### Overview
Kubernetes relies heavily on API calls and is sensitive to network issues. When troubleshooting, standard Linux tools and processes are essential. If a shell, such as bash, is not available in an affected Pod, consider deploying another similar Pod with a shell, like busybox. Tools like DNS configuration files and `dig` are good starting points. For more challenging issues, tools like `tcpdump` may be necessary.
Large and diverse workloads can be difficult to track, making monitoring usage essential. Monitoring involves collecting key metrics such as CPU, memory, disk usage, and network bandwidth on nodes and applications. While Kubernetes now includes the Metric Server for such tasks, logging is not integrated.

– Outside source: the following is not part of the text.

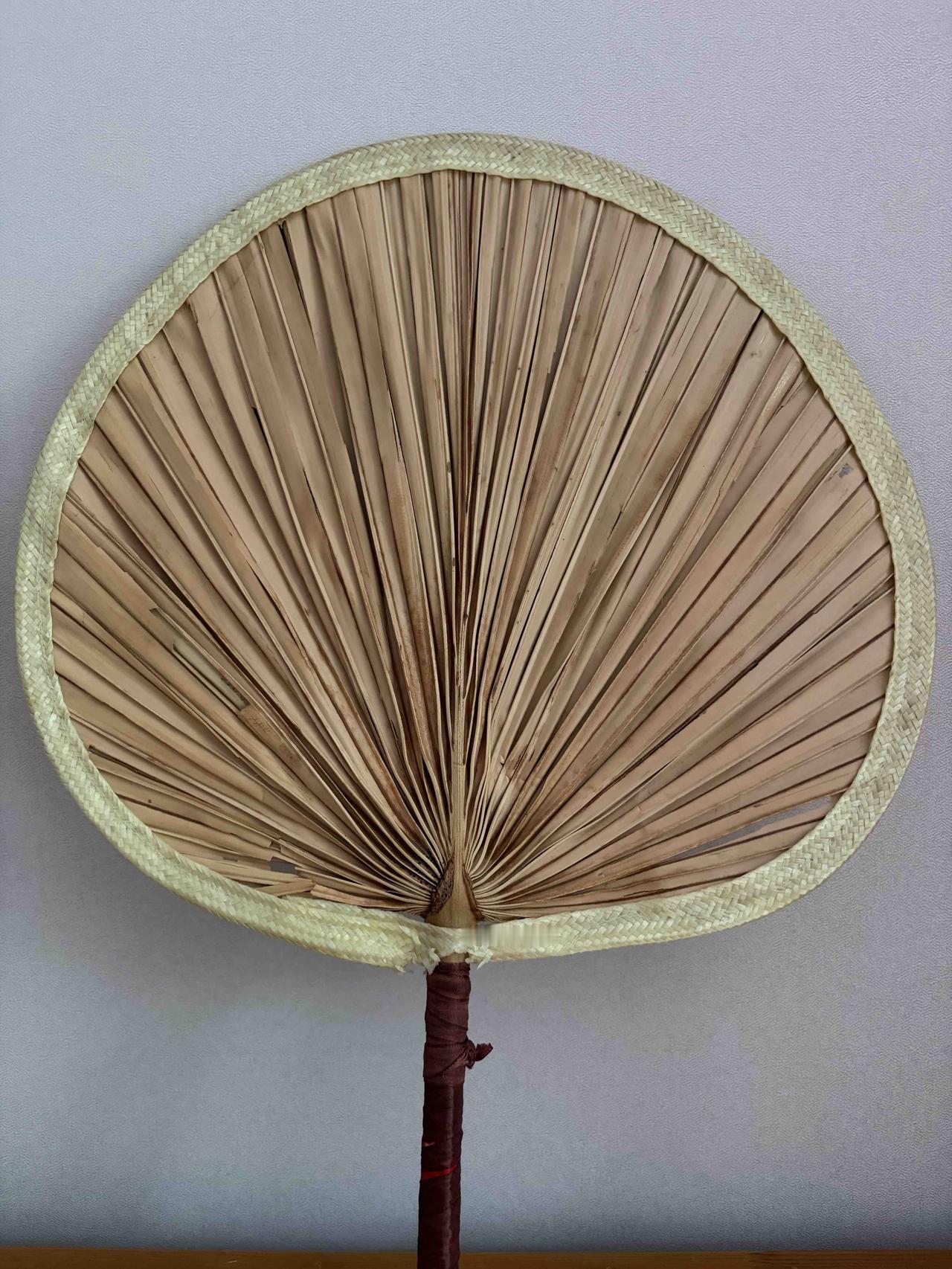 你的夏天怎么过？
[啤酒][啤酒][啤酒]
当初只花五块钱，
一晃已用好几年。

### External Logging Solutions
To aggregate logs, external solutions like Fluentd, Prometheus, and the ELK stack (Elasticsearch, Logstash, Kibana) are often used. Fluentd serves as a unified logging layer, making it easier to visualize and search logs. Prometheus provides a time-series database and integrates with Grafana for visualization and dashboards.
### Basic Troubleshooting Steps
The troubleshooting flow should start with the obvious. If there are errors from the command line, investigate them first. Here's a basic flow:
1. **Command Line Errors**: Start by resolving any command line errors.
2. **Pod Logs**: Use `kubectl logs pod-name` to view container logs. If no logs are available, consider deploying a sidecar container for logging.
3. **Networking**: Check DNS, firewalls, and general connectivity using standard Linux commands and tools.
4. **Security Settings**: Verify RBAC settings, SELinux, and AppArmor configurations.
5. **API Calls**: Enable auditing for the kube-apiserver to review accepted actions.
6. **Node Logs**: Check node logs for errors and ensure sufficient resources.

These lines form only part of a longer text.